DST (dystonin) is a protein-coding gene located on chromosome 6p12.1. The gene encodes a member of the plakin protein family of adhesion junction proteins. Several alternatively spliced transcript variants have been found for this gene, encoding different isoforms whose full-length nature has not yet been defined.

Some isoforms are expressed in neural and muscle tissue and anchor neural intermediate filaments to the actin cytoskeleton, whereas other isoforms are expressed in epithelial tissue and anchor keratin-containing intermediate filaments to hemidesmosomes. In animal experiments, mice, with mutations in this gene, show skin blistering and neurodegeneration.

The encoded dystonin protein acts as an integrator of intermediate filament, actin and microtubule cytoskeleton networks. It is required for anchoring intermediate filaments to the actin cytoskeleton in nerve and muscle cells or keratin-containing intermediate filaments to hemidesmosomes in epithelial cells. The proteins can self-aggregate to form filaments or a two-dimensional network. Furthermore, dystonin regulates the organization and stability of the microtubule network of sensory neurons to enable axonal transport. Mediates docking of the dynein/dynactin motor complex to vesicle cargoes for retrograde axonal transport through its interaction with TMEM108 and DCTN1.

Isoform 3 plays a structural role in the assembly of hemidesmosomes of epithelial cells; anchors keratin-containing intermediate filaments to the inner plaque of hemidesmosomes. Required for regulation of keratinocyte polarity and motility.

Isoform 6 is required for the bundling of actin filaments around the nucleus.

Isoform 7 regulates the organization and stability of the microtubule network of sensory neurons to allow axonal transport.

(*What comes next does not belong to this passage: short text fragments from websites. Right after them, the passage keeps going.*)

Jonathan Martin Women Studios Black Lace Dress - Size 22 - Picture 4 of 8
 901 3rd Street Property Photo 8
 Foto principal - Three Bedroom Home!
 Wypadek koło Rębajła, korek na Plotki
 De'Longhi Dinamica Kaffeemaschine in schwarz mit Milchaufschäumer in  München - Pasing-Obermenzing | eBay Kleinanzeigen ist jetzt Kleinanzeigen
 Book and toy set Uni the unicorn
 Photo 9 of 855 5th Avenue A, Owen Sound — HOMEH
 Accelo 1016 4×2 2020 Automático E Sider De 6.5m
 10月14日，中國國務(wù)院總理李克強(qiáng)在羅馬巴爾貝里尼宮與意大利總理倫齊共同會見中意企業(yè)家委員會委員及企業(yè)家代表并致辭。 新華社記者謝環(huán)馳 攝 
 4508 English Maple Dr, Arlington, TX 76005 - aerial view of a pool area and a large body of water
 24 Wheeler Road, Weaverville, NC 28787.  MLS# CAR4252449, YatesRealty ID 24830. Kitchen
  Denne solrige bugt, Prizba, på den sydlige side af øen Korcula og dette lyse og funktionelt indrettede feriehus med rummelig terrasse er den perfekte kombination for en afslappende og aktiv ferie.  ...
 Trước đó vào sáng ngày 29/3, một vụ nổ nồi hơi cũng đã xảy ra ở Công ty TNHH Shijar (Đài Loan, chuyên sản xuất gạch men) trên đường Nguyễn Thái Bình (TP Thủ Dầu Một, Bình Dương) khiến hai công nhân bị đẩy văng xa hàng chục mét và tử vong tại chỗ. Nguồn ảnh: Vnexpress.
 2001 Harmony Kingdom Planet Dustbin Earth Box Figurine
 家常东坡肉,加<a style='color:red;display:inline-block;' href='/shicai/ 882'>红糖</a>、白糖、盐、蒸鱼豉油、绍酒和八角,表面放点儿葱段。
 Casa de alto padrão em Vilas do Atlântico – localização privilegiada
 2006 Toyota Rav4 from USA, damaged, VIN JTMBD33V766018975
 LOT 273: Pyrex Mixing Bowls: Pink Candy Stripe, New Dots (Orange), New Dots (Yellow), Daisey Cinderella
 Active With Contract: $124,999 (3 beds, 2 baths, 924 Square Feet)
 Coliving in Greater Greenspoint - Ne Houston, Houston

Diseases associated with dystonin include:

• Epidermolysis bullosa simplex, autosomal recessive with Bp230 deficiency (EBS3)/OMIM: 615425) a mild, autosomal recessive inherited genodermatosis characterized by traumatically induced blistering occurring mainly on the mechanically exposed areas of the feet and ankle parts. Ultrastructural analysis of skin biopsies shows abnormal formation of hemidesmosomes with poorly formed internal plaques (Liu et al. 2012).
• the neuropathy, hereditary sensory and autonomic, type Vi
• the axonal Charcot-Marie-Tooth disease

High expression of DST is associated with favorable prognosis in breast carcinoma. Apparently, DST is able to influence the development and progression of BRCA by altering the immune microenvironment (Qiu X et al. 2022).

1. Ganani D et al. (2021) Epidermolysis bullosa simplex due to bi-allelic DST mutations: case series and review of the literature. Pediat. Derm 38: 436-441.
2. Groves RW et al. (2010) A homozygous nonsense mutation within the dystonin gene coding for the coiled-coil domain of the epithelial isoform of BPAG1 underlies a new subtype of autosomal recessive epidermolysis bullosa simplex. J Invest Derm 130: 1551-1557.
3. Qiu X et al (2022) Identification of m6A-Associated Gene DST as a Prognostic and Immune-Associated Biomarker in Breast Cancer Patients. Int J Gen Med15:523-534.
4. Liu L et al (2021) Autosomal recessive epidermolysis bullosa simplex due to loss of BPAG1-e expression. (Letter) J Invest Derm 132: 742-744.